This guide explains Playwright's reporting capability from first principles through production-grade, CI-optimized setups used by high-performing engineering teams.

By the end, you’ll understand:

  • What Playwright reports actually contain
  • Various types of reports generated by Playwright
  • When to enable traces, screenshots, and videos
  • How to design a reporting strategy that scales with CI, test history, and team size

Why Are Test Automation Reports Needed?

Once tests start running, the next challenge is understanding the results.

A failing CI job only tells you that something broke, it does not explain:

  • Which user flow failed
  • Whether the failure is deterministic or flaky
  • If the failure is new or historically recurring
  • Whether it impacts one browser, one environment, or all pipelines

Test automation reports solve this by turning raw test execution data into clear, actionable insights the entire team can consume.

With effective Playwright test reporting, failures include:

  • The exact test step and assertion that failed with logs
  • Precise timing data (critical for CI optimization)
  • Supporting artifacts such as screenshots, videos, or Playwright traces (if enabled)

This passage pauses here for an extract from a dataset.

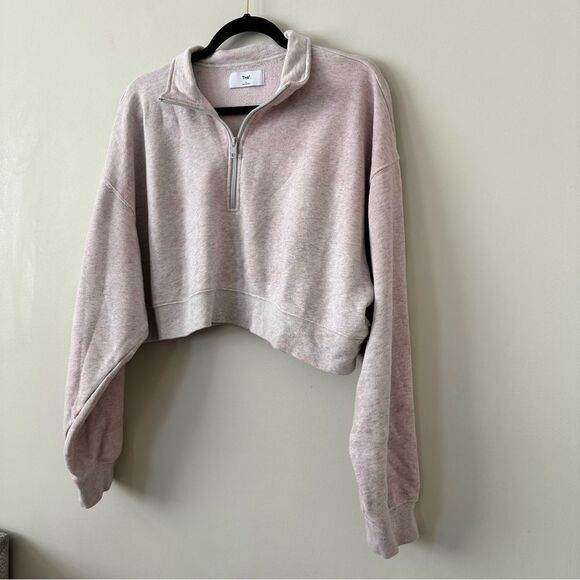 Aritzia-Tna Cropped Tie Dye 1/4 Zip Pullover (Size:Large) - Picture 4 of 12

This context dramatically reduces feedback and retries loops.

Over time, good reporting also makes test suites easier to manage Teams that adopt structured reporting typically see:

  • 40–60% faster failure triage
  • Fewer “re-run until green” cycles
  • Higher confidence in CI gatekeeping

Reporting as a CI Optimization Tool

Beyond debugging, reporting plays a major role in CI performance and test governance.

Over time, good Playwright reporting helps teams:

  • Identify slowest specs that inflate CI duration
  • Detect flaky tests, which account for up to 30% of E2E failures in large pipelines
  • Track failure patterns across branches, pull requests, and release trains
  • Decide which tests belong in PR checks versus nightly or release pipelines

In high-velocity CI environments, reports become a shared source of truth. Developers, QA engineers, and engineering leads rely on them to make consistent decisions about:

  • Blocking vs non-blocking failures
  • Test quarantining
  • Release readiness

Without reliable Playwright test reporting, teams often lose trust in automation-leading to ignored failures, disabled tests, and manual verification creep.

And I have personally seen that by working with a lot of startups and even enterprises.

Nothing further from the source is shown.